Waasdorp questions whether the noise pollution issue is overblown.
“I don’t really see it as that big of a problem,” he said. “I think there are more important things for (police) to focus on.”
‘It ruins your life’
But there isn’t a higher priority for someone who says they are assaulted by noise.
“It ruins your life,” said Carol Brown, 60, who lives in the 19th Ward and has joined the Rochester Soundscape Society.
She said some of her neighbors began playing their music too loudly and that created a rotten situation for her. First of all, she felt uncomfortable asking them to turn down the music. Then, she felt sick to her stomach when she first called the police on them.
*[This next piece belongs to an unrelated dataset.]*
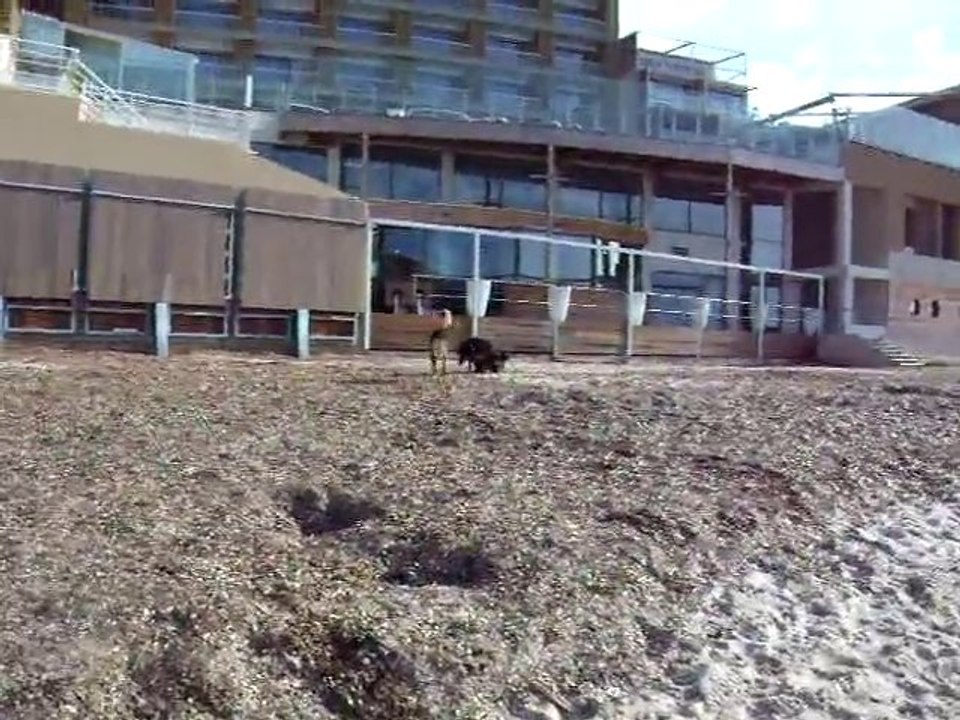 Plage 2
She didn’t want to go outside to work in her yard and she didn’t want to open her windows. She even started staying in a hotel when the music became unbearable for her.
“I’m paying a mortgage and own a piece of property,” said Brown, who added that the noise problem has gotten better. “I should be able to live happily. I don’t care what you play but don’t force it on me.”
Last year, Noise Free America awarded Rochester the group’s “Noisy Dozen” award for September, citing the city’s “dismal failure” to address the problem of loud car stereos. Following that distinction, Rochester changed its law last year to allow police to use depositions from residents to file noise complaints. Before, police couldn’t write citations unless they witnessed the violation.
But city officials dispute that noise is a rampant problem in Rochester.
“I don’t think we’re any noisier than any other city our size,” said Linda Kingsley, the city corporation counsel.
Rochester’s noise law, which is eight pages long, is tough, she said. The law bars excessive noise, which is defined as: “Any sound which endangers or injures the safety or health of humans or animals or annoys or disturbs a reasonable person of normal sensitivity or endangers or injures personal or real property.”
A first offense carries a fine of $100. A second and third offense result in fines of $200 and $300, respectively.
Police are trying to deal with noise pollution, Garcia said.
“While our officers will do everything within their power to enforce such ordinances, Mr. Kaufmann and the rest of our community need to understand that they are busy taking very violent criminals off our streets on a daily basis, as was the case this week with the arrest of some very violent gang members,” he said.
But Rochester police don’t take noise crimes seriously, Kaufmann said. City police issued 609 noise citations last year, he said. In the first 10 months of 2003, police issued 715 noise citations – a figure he considers unimpressive, considering there are about 700 officers and a city population of 219,000.
“Statistically, it looks like tokenism,” he said, adding that he would like to see each officer write one noise citation a day. “People know they can assault neighborhoods with sound-generating devices and the chances of getting caught are just 1 in 100,000.”